The Golden Age of
Science Fiction

The "Golden Age of Science Fiction" properly applies to the period from about 1937 to 1946, but I tend to think of it as also including the period from about 1946 to 1960. During that time the genre of science fiction was dominated by a small number of writers who could produce short stories and novels with equal skill -- writers like Isaac Asimov, Ray Bradbury, Arthur C. Clarke, Robert Heinlein, AE van Vogt. SF magazines were plentiful, and all of them needed stories, so many second-rank writers mixed with the first-rankers to produce a mix of material that often remains as strong today as it did when it was first published, even though the science of this "science fiction" is in many cases grievously outdated.


Isaac Asimov is one of the truly great names from the Golden Age. He wrote a lot of SF in his career, novels and short stories both. He's best known for his Foundation series, a classic of SF. It tells the centuries-long story of the Fall of the Galactic Empire, and of the Foundation Project that is intended to ease the effects of that Fall and eventually lead to a Second Galactic Empire. It began as a series of short stories in the 1940s, which were eventually collected into three paperback books:

  1. FOUNDATION
    c.1951, Del Rey
    ISBN: 0-345-33627-5
    This first volume in the series contains five short stories. Together, these tell about the founding of the Foundation and its first hundred years of existence, as it rises to power among the disintegrating fragments of the former Empire.
  2. FOUNDATION AND EMPIRE
    c.1952, Ballantine Books
    ISBN: 0-345-33628-3
    The remaining four stories in the Foundation saga are much longer, so only two appear in each of the second and third books. The first story in this book, "Dead Hand," tells of a direct conflict between the Foundation and the dying Empire, and how forces foreseen by Hari Seldon centuries earlier ensure the Empire's ultimate defeat. The second story, "The Mule," describes a catastrophic breakdown in the Seldon Plan itself, brought on by the actions of a mysterious mutant named the Mule.
  3. SECOND FOUNDATION
    c.1953, Del Rey
    ISBN: 0-345-33629-1
    The two stories in this book finish the original Foundation series. The first story tells of the Mule's search for the Second Foundation, allegedly founded at the same time as the First Foundation. The Second Foundation is the only thing that can stop the Mule, because it's based on science of the mind and its members have the same power the Mule does. The second story tells of the First Foundation's own search for the Second Foundation, and how the Second Foundation arranges to protect its secrecy.

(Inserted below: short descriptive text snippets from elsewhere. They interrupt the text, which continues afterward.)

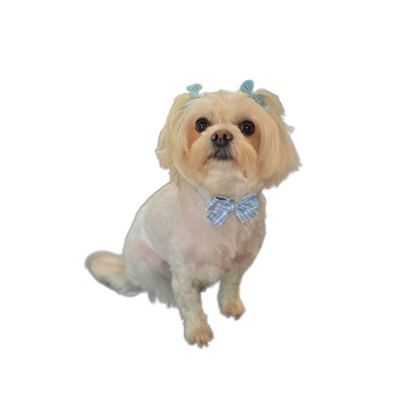 Saltypaws std 8f497b18 8528 498f a1e7 89dca7770123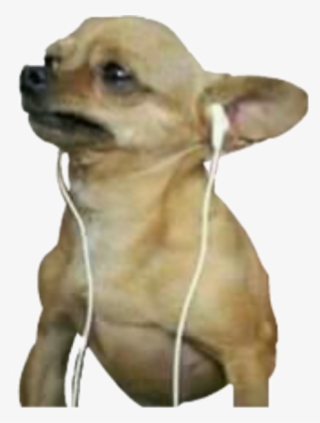 Sad Chihuahua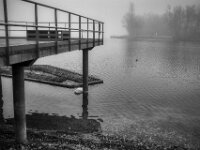 Trauriger Anblick  Pentax K-1, SMC PENTAX-FA 1.8/31 AL Limited  - 08.02.2026 -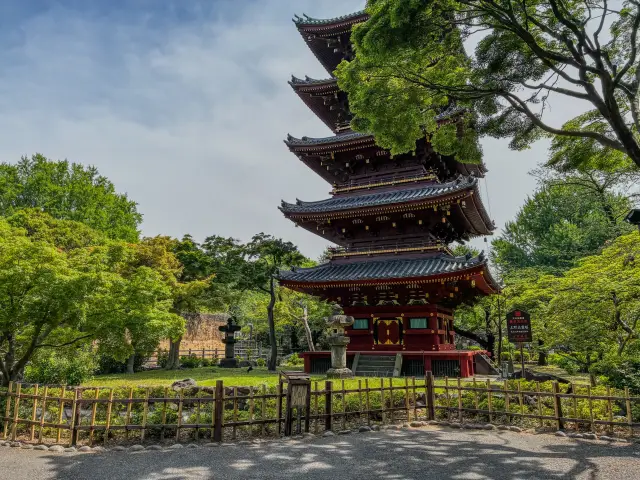日本🇯🇵東京 上野動物園Ueno Zoo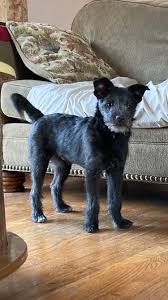 Ollie's Sample Is Processing! Any Guesses? Thinking Mini Schnauzer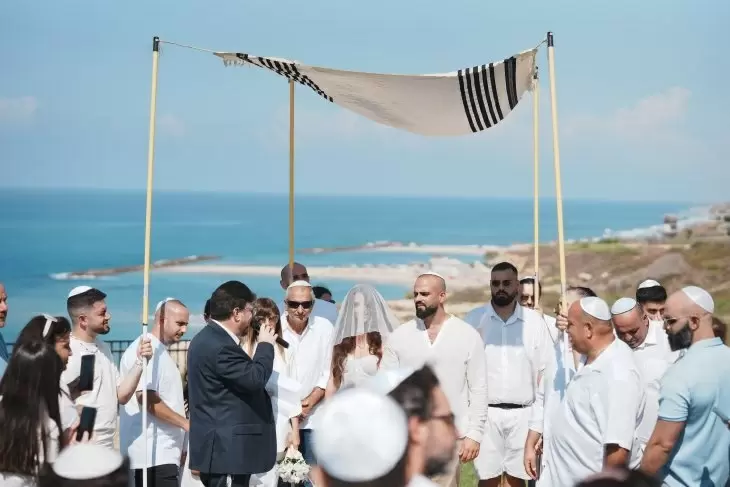 תמונה מספר 8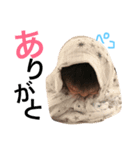 ゆづきのスタンプです♪（個別スタンプ：6）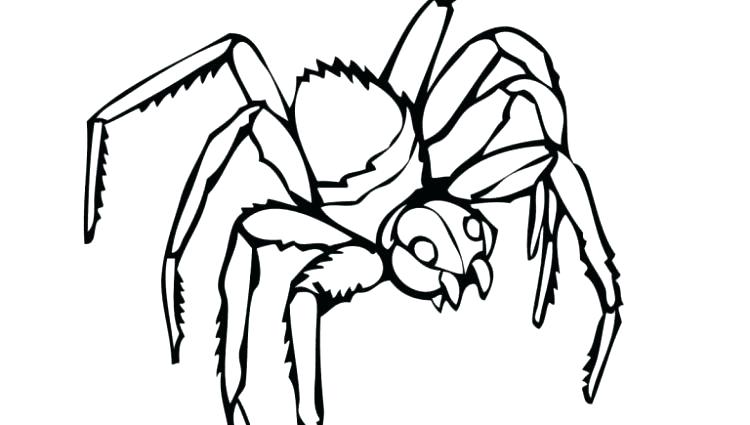Tarantula Coloring Page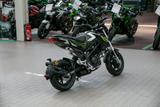Benelli TNT 125 Tornado Naked, sofort lieferbar - BENELLI TNT 125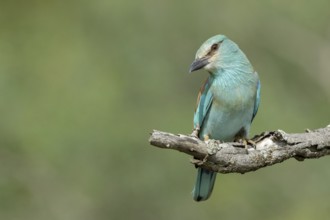 Scharrelaar, European Roller, Coracias garrulus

The Foundation Trilogy became a classic of SF, but it had one problem: the story was far from complete, so everyone wanted to know what happened next! In the early 1980s, Asimov finally agreed to return to the world of the Foundation. He started by writing the first full-length Foundation novel:

FOUNDATION'S EDGE
c.1982, Del Rey
ISBN: 0-345-30898-0
Golan Trevize, a brilliant rogue scientist from the First Foundation has deduced that whatever the history books say, the Second Foundation must still exist, and he wants to find it. The Mayor of the Foundation knows he's right but decides his ideas must be suppressed, so she exiles and silences him by sending him on a search for the mythical 'homeworld' of the human race. At the same time, Stor Gendibal, one of the younger leaders of the hidden Second Foundation, has discovered that the Second Foundation has been tricked and fooled into complacency by an unsuspected third player in the Seldon Plan. Gendibal believes that Trevize holds the key to this mysterious third player, and so he follows the Foundationer on his search. The search leads both of them to an obscure planet named Gaia, and a discovery that is not at all what either one of them expected.

Four years later Asimov wrote a fifth Foundation story, completing the story of Golan Trevize:

FOUNDATION AND EARTH
Asimov, Isaac
c.1986, Del Rey
ISBN: 0-345-33996-7
This novel completes the story of Golan Trevize's search for Earth. In the course of this search he encounters a whole network of unknown, uncataloged worlds, which together reveal the secret of Earth's location. He also encounters something unusual for an Asimov story: not one but two clearly non-human, alien intelligences. In my opinion this is by far the weakest of the five Foundation books that I have, because Asimov made a serious mistake in it. He uses this novel to connect his earlier 'humaniform robot' stories, particularly the Lije Bailey stories, to the Foundation universe. The two just don't mesh very well, and so FOUNDATION AND EARTH becomes a mis-matched patchwork of the two milieus.